By David Hammer, WWL4

August 1, 2023

The International Association of Chiefs of Police finished its review of six candidates, and gave the highest score to former Henderson, Nev., police chief Thedrick Andres.

But there are still major questions about how the IACP process was handled and how it scored the candidates, something that means more than ever because Mayor LaToya Cantrell’s pick must be confirmed by the City Council.

One committee of external stakeholders that interviewed the six IACP semifinalists chose Andres, former Oakland, Calif., chief Anne Kirkpatrick and current Interim NOPD Superintendent Michelle Woodfork as the three finalists. But that committee filed a short handwritten report that also questioned Woodfork’s lack of leadership experience and said she needed mentoring.

We asked Cantrell about that and her process now that she has the IACP scores and recommendations from the external committee and another comprised of her internal staff.

“So, what I’m going to say is that the next phase is an interview process that I will engage upon within the next couple of weeks. I’m letting, making sure that IACP is off to do more thorough evaluations of the candidates thus far,” Cantrell said.

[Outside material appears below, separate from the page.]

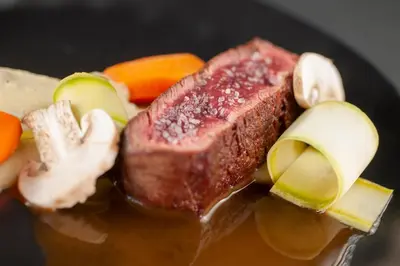 a piece of meat and vegetables on a plate at Vivid Blue Serenity Resort in Sveti Stefan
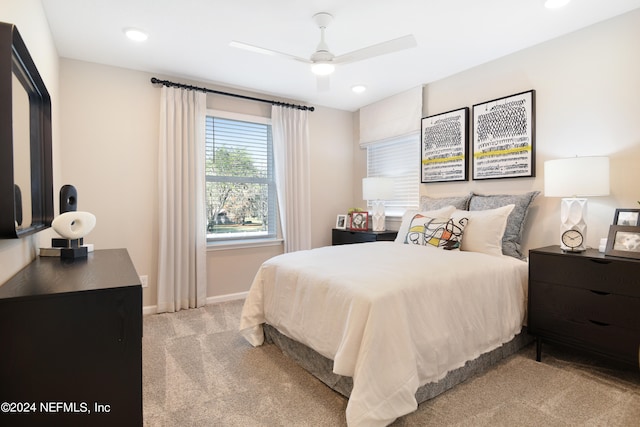 bedroom featuring ceiling fan and light colored carpet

She did not answer our question about the external committee’s criticism of Woodfork’s lack of leadership experience, but she did say, “I’m open minded literally to the candidates that have made it thus far, which includes Chief Woodfork.”

Cantrell said she’s still hoping to include a fourth candidate as a finalist – David Franklin, former chief of staff at the Albuquerque Police Department. But the IACP did not provide Franklin’s scores or that of another candidate who withdrew. The city paid the IACP $90,000 for its review of 33 candidates and the selection of six semifinalists, so Cantrell said she wants to see all six scores.

The City Council and others have blasted the process as too secretive. Previous mayors have had a much more secretive process for selecting a chief, but this time there’s a major difference: voters overwhelmingly gave the City Council the power to confirm or reject a mayor’s pick.

City Council President JP Morrell said the council and public didn’t get enough information to fully understand the IACP’s scores.

“The scores without context are kind of nonsense,” Morrell said. “When you look at the (IACP) report, this is not like the ACT or the SAT where there’s an objective criteria and you score on it.”

He said more details about the scoring should have been made available to the City Council.

“And I think both the IACP and the mayor have forgotten If the council does not confirm your pick, they are not hired,” he said.

Rafael Goyeneche of the Metropolitan Crime Commission says the IACP scores also failed to take into account potential problems in the candidates’ backgrounds.

“And what we quickly found out is some of the semifinalists have background issues that weren’t disclosed,” he said. “So, the people that conducted those interviews and made recommendations weren’t privy to background information.”

For example, Andres shot a man to death in 2014 after getting into a fight on a party bus while off-duty. A grand jury refused to charge him.

More recently, police unions in Henderson voted 95% no-confidence in Andres. After he retired there, he failed to get the police chief position in Victoria, Texas, a small city of about 65,000 residents in southeast Texas.

Kirkpatrick and Woodfork also have background issues that could affect their selection.

Kirkpatrick was fired by the Oakland Police Commission but won a whistleblower lawsuit in which she claimed the commission fired her as retaliation for exposing commission members for seeking favors from her. She also came under fire for taking no disciplinary action against five Oakland officers who were later fired for the fatal shooting of an unarmed homeless man.

Over her 34-year career at NOPD, Woodfork faced domestic violence allegations from fellow officers she dated and was suspended three times for lying to internal NOPD investigators. More recently, she was accused of intimidating Belden “Noonie Man” Batiste, a loud Cantrell critic, during a political dispute with one of Cantrell’s allies on the City Council, Jay Banks. An internal investigation cleared Woodfork and other ranking officers who showed up at Batiste’s house.

Goyeneche couldn’t believe the IACP selection process didn’t include any background checks or review of candidates’ disciplinary records.

“If the City Council had been involved in this from the beginning … I would think that it would have been suggested that the background (checks) be done so that there’s not going to be anything in their backgrounds that would otherwise exclude them from being a viable candidate,” Goyeneche said.